The last two+ months have been a whirlwind of unprecedented change that has truly rocked the video production industry. For the first month or so, it felt correct to take a step back and see how pandemic progressed + take guidance from other media companies as to what best practice looks like for production now. There are definitely no easy answers regarding how to tell your company’s or product’s message right now, but one thing is still clear: video is as vital and necessary as ever.

There are a lot of mixed signals about what kind of video content companyies should be focused on right now and I think over the past two months we’ve learned more about what kind of videos don’t work as opposed to what kind do.

The big $$$ agencies that have created generic PSA’s with stagnant stock footage and passive narration — ‘In these difficult times’ ‘we’re all in this together’ — have done very little to enhance their clients’ brand messages. These commercial spots have felt like rushed and unthoughtful attempts to stay current and relevant during this truly unnerving historical moment.

Glossy, highly produced video content is just not the answer right now. What is? Documentary branded storytelling. Another good term for this is Brand Journalism. Customers of B2C and B2B companies still want to hear your stories, they want to know what your company is doing, how your leadership is responding, or even just small stories about life during quarantine/pandemic/wfh. We’re all craving connection in a new and deep way right now. The best content I’ve seen in the past two months has come from news outlets that are more uniquely positioned to document the world as it is right now. Companies should be trying to emulate this more unplugged, less glamorous style of storytelling.

Video content that still works

This isn’t an exhaustive list, but just a few of my thoughts on story and content approach that will come across well and offer your brand a human/emotionally connective thread to your audience:

  • Unscripted messaging from leadership —thoughts of appreciation to customers and employees. Talking points are ok, but absolutely no script. This is a time for vulnerability and humanity from our business leaders rather than extremely polished one takers. 
  • Quarantine journeys— don’t overlook this unique opportunity to allow for a more intimate/unplugged look into your company/brand story. We’re all stuck at home and, as consumers, we want to see how other’s are coping + frankly empathize with each other’s circumstance/challenges. Highlighting part of your team, whether it be product designers, engineers, sales or HR will generate some surprising, thoughtful and emotional insights. 
  • Humor!— Don’t be afraid to show off your company’s silly side right now. This is a surreal time and everyone is feeling cooped up and a little crazy right now, let’s be honest. So, there is nothing wrong with letting loose a little and doing some funny and witty original content. Certainly laughing at ourselves a bit is good therapy :).
  • Small scale production — this underlines all of the above. Is it too obvious to point out that video production is a mandatory in-person industry? Well, I’m going to point that out anyway. All of these video types can be produced remotely or with a crew five or less.
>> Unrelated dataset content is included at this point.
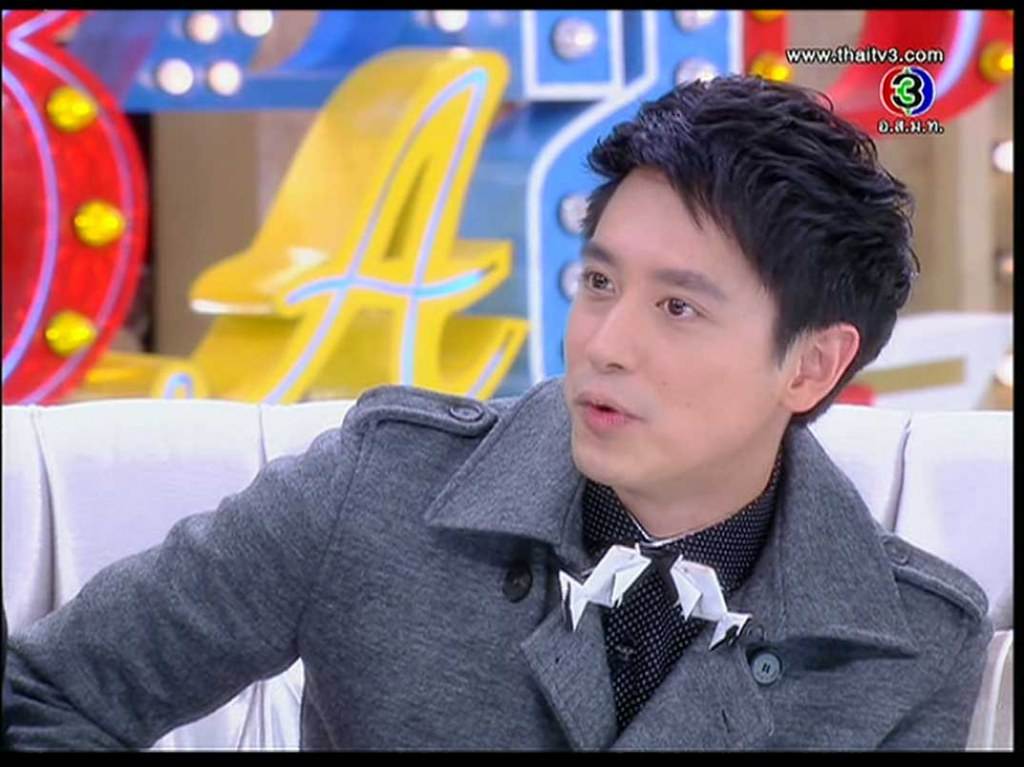 หมอสุดหล่อ [ หมอก้อง สรวิชญ์ -หมอวิน อัครวินท์ ]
The industry at large is still figuring out what best practices look like in regards to health & safety, but we do know that ‘less is more’ will probably be a necessary mantra.

Video is not dead, but it has changed, maybe forever. We all need to adapt and move forward, yes, but we also need to continue telling stories and documenting the world around us. Video will always be the best way to get a big message across in a short space of time. Let’s take advantage of that and create some new and truly unique stories during this unpredictable moment.